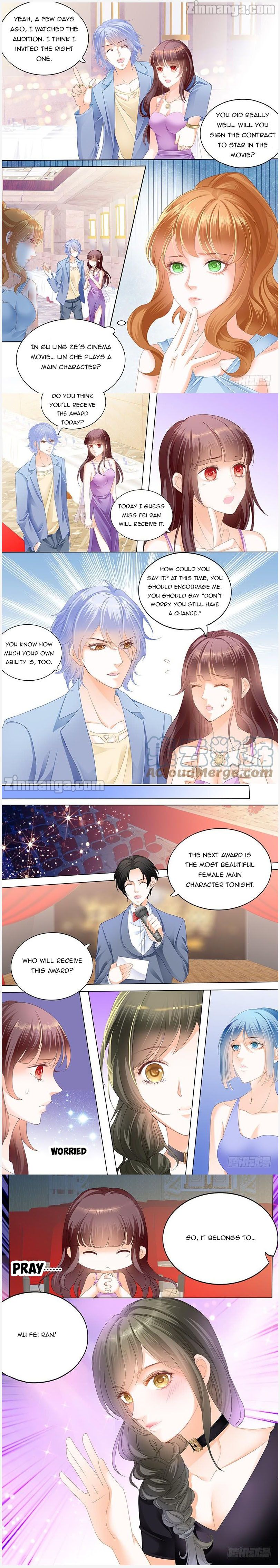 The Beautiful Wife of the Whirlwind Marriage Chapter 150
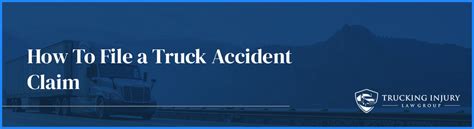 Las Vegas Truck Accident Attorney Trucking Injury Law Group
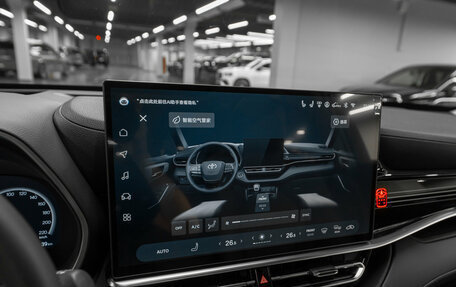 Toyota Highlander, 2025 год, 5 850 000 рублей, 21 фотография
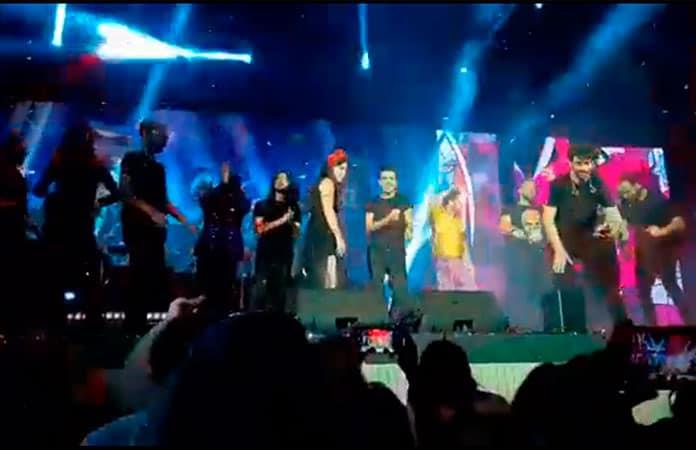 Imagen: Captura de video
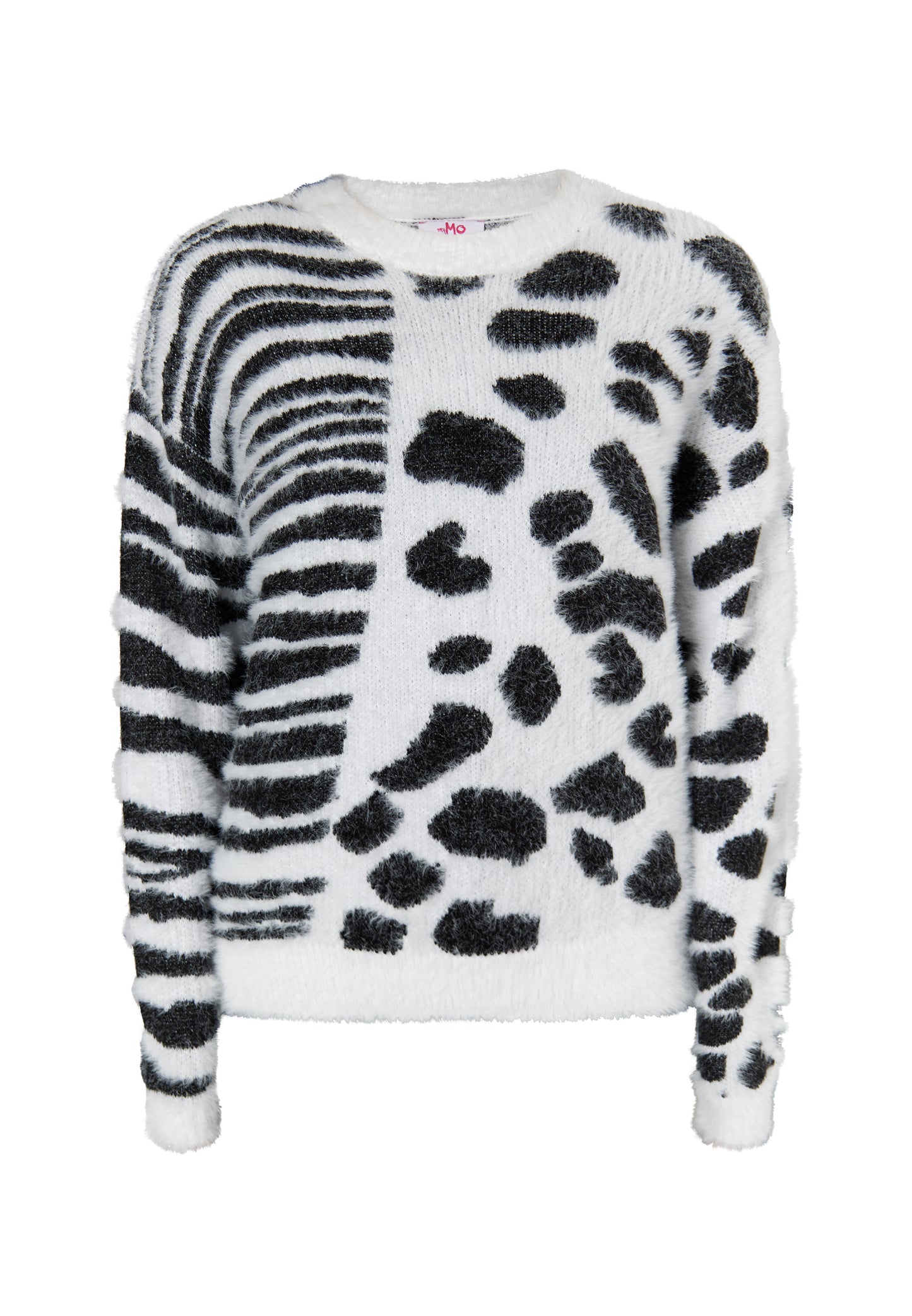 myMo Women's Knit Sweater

...

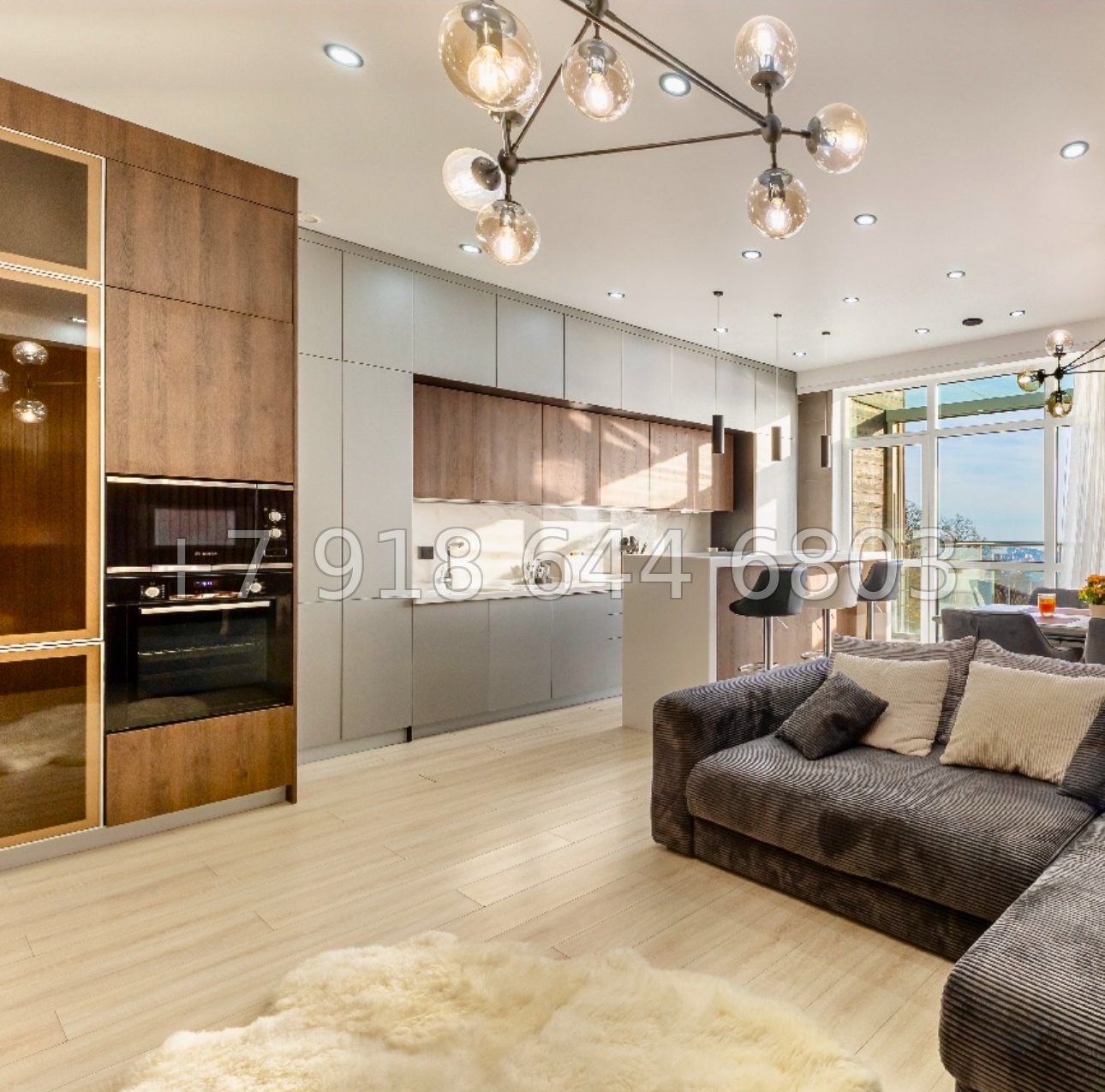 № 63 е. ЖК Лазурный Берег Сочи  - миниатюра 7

### Exercise brief
Only the lines above from the one with "Las Vegas Truck" to the one with "myMo Women's Knit Sweater" should be printed, both included and exactly as written; no picture belongs in the copy.

### Answer to this task
 Las Vegas Truck Accident Attorney Trucking Injury Law Group
 Toyota Highlander, 2025 год, 5 850 000 рублей, 21 фотография
 Imagen: Captura de video
 myMo Women's Knit Sweater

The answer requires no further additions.